第8話


 朝、早い時間に僕は目を覚ました。まだ薄暗く、ひんやりとしたやわらかい光陰が研究棟の窓にあたっている。

 ふと、窓の外に何かを見上げる少女が佇んでいた。あどけない顔で思い詰めた様子だった。薄暗さもあったが、赤に彩られた服を着ているようだった。

 少女の視線の先には、研究棟があった。だが、なぜこんな場所に子供がいるのだろう。考えられるとすれば、研究員の中の誰かの子供、ということが即座に出てくる。子供がいることはあまり不思議には感じなかったが、朝早くというのには、すこし奇妙に思った。

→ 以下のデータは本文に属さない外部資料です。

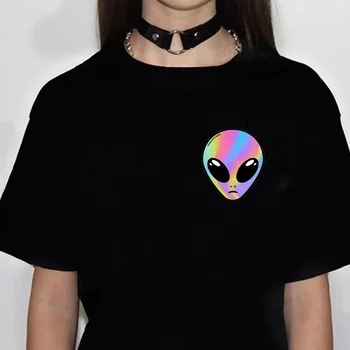Волшебные грибы, инопланетные психоделические футболки, женская забавная одежда в стиле аниме харадзюку для девочек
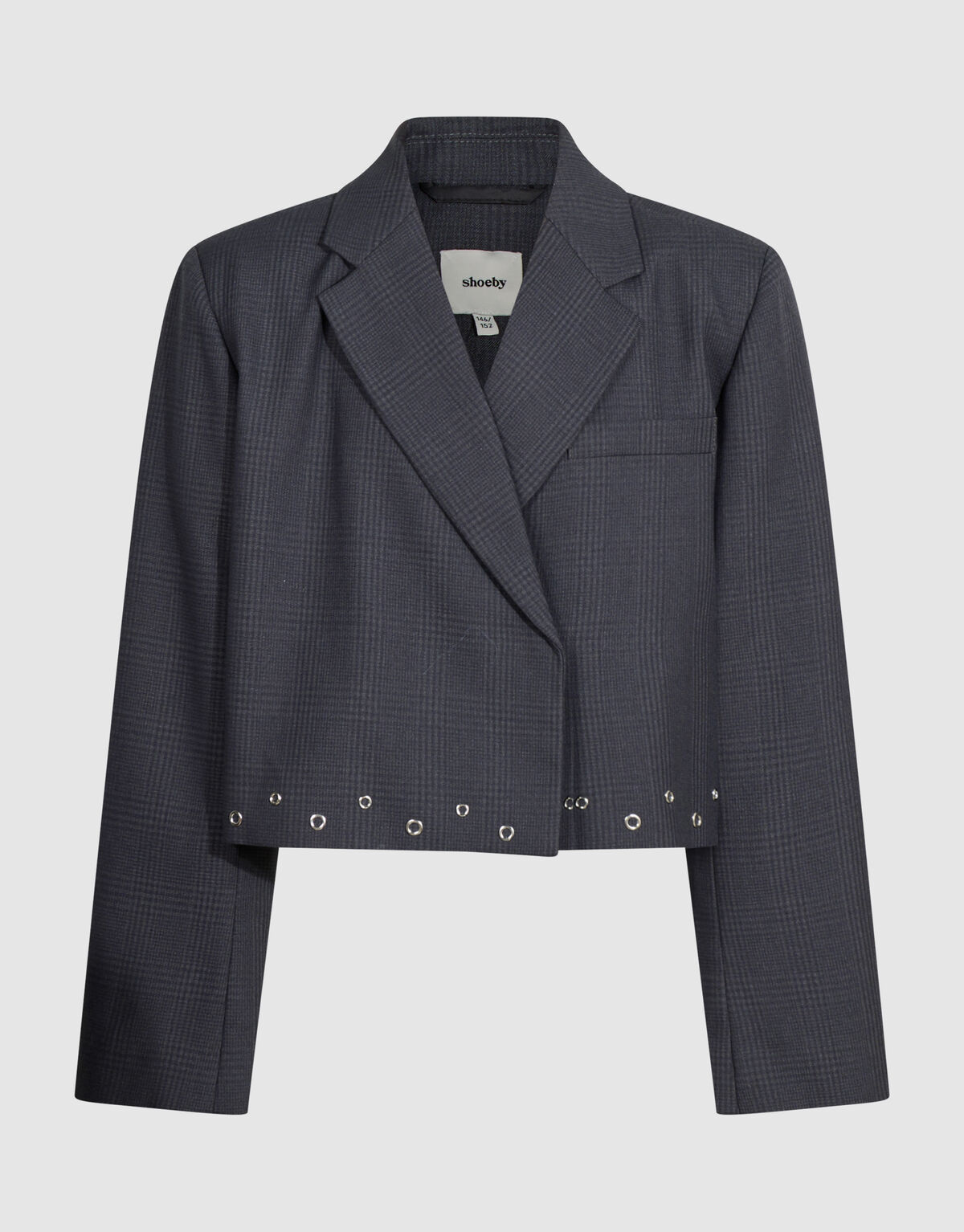 Cropped Karierter Eyelet Blazer Dunkelgrau SHOEBY GIRLS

 急いで外に出て女の子を探したが、どこに行ったのだろうか、と周囲をくまなく見てまわった。


 遠くから呼びかける声が聞こえてくる。

「……くぅん、……みくーん、龍美くん!」

 見れば、緑色のジャージ姿の紬さんだった。研究員の白衣姿とは、だいぶ印象が違ってみえる。小顔で顔立ちがよくすっとした体型をしている。ランニングをしているのか、タオルを首から下げていた。

「おはよう。早いわね! きょろきょろあたりを見ていたけど、どうかしたの?」

「おはようございます。この辺りに女の子がいませんでした? みた感じ15、6歳ぐらいの女の子が」

「女の子? 子供なら博士のお子さんがいるけど、本当に15、6歳の子だったの?」

「部屋の窓から見たので、はっきりした歳は分かりませんけど……」

「寝ぼけていたんじゃないの。あるいは、この辺は、研究員が朝の散歩をすることがあるから、見間違えたのかもしれないわ」

「そうなのかな……。ところで、シライ博士って結婚していたんですか?」

 彼女は、不思議がる様子もなく澄まして説明した。この世界線のモトフジ博士に子供がいたなんて驚いた。

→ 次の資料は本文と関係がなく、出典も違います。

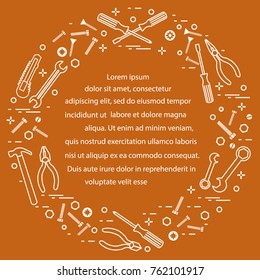 Variety tools for building, construction and home repair. Design for banner and print.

「意外そうな顔ね。ここは、職場結婚が多いから式場もあるのよ!」

 彼女の指差す方向に、教会らしき三角型の屋根がみえる。

「そうなんだ、この時代にはもう……」

「ん、何か言った?」

「いいえ、なんでもないです」

 僕の時代にもチャペルらしきものはあった。なんども修繕が行われていた形跡があったが、20年以上もあったとは気づかなかった。

 僕らは歩きながら宿舎を目指した。彼女は、日頃から研究に没頭することが多いということもあり、時間がある限り運動を心がけているということだった。別れ間際、彼女はくれぐれも実験には遅れないようにと釘を刺してきた。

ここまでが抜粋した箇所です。